当然、ヘイヘイと藍野にはまだ付き合っている関係もない。
ずっとお互いの関係に変化は生まれていない。
「藍野、どうするんだ?ヘイヘイさんを狙っている男性は藍野だけじゃないかもしれないぜ?」
今思い返すとなぜ、告白をしなかったのか後悔する。
遠方まで二人きりで、しかも宿泊までしてどこかにチャンスはあっただろう。
恋愛の経験が乏しい藍野にとって、告白のタイミングを逃したのはミスなのかもしれない。
「俺が一緒に行っていればアドバイスできたのかもな」
と冗談交じりで笑いながら鴨肉を頬張る。
「そろそろ一人の女性にアタックして付き合えよ。この店にも亜子ちゃんという女性がいるじゃないか」
「そうだな・・・」
今の藍野は贅沢といえるかもしれない。
そんな選択の余地はあってないようなものかもしれない。告白したって振られる可能性だって十分あり得るのだから。
しかし、藍野は怯えているわけではなく、告白に踏み切るタイミングのようなものが本当に知らないらしい。

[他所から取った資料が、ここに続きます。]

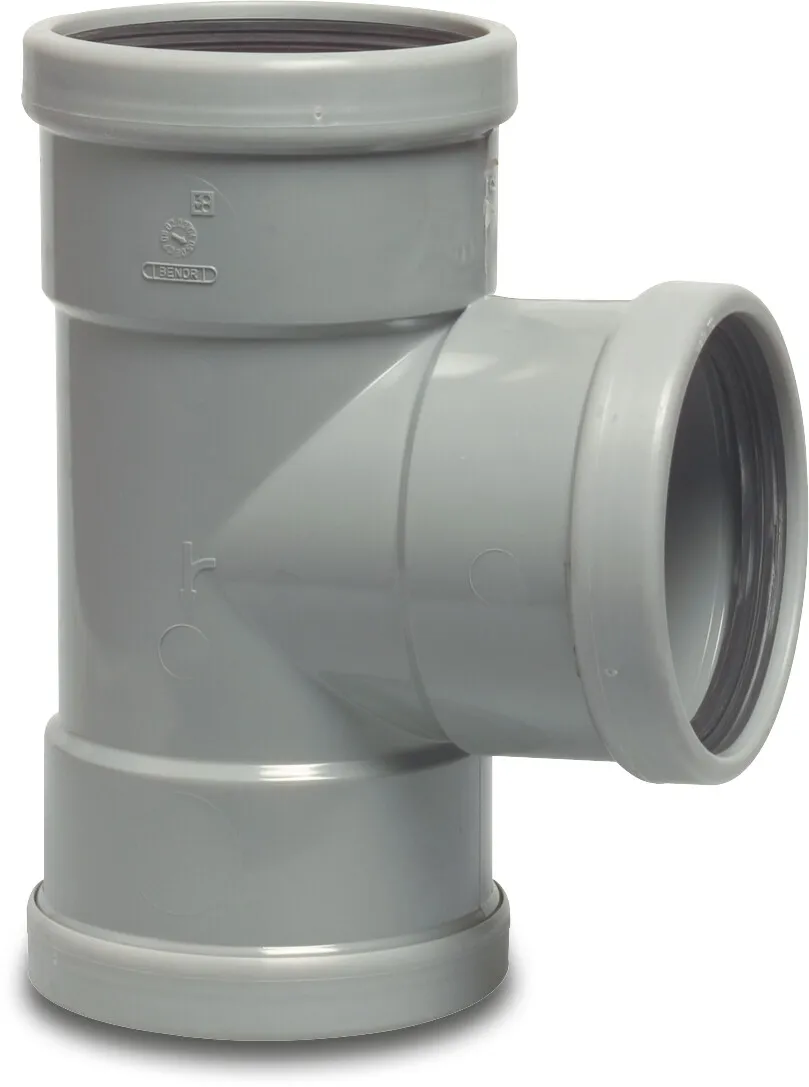Drainage T-piece 90° PVC-U 315 mm SN4 ring seal grey KOMO/BENOR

「まぁ、焦れとは言わないよ。だって結婚も視野に入れて相手を選ぶんだろ?」
「もちろん。結婚を考えているさ。だからこそ踏みとどまっているのかもしれないな」
藍野は考える。頭を抱えて髪の毛をかきむしった。
「藍野、とりあえず結婚は置いといて、ちゃんと付き合うところから考えればさ。先に進まない気がする」
「思い切って告白しなよ」
「えっと・・・誰に?」
「自分で考えろ」
ヒデは藍野のことがどうしようもない奴だと思ったに違いない。
さすがにここまでくると恋愛に無頓着なこところが浮き彫りになって、恋愛話もコントに近い状態だ。
「俺とお前は長い付き合いだ。とにかく応援するから、期待に応えてくれよ」
「僕にとってヒデは必要不可欠だ」
「当り前だ」
本当にずっと恋愛をしてこなかったら、こうなってしまうのだと客観的に見て切実に感じる。
ヒデは藍野の背中をポンと叩いた。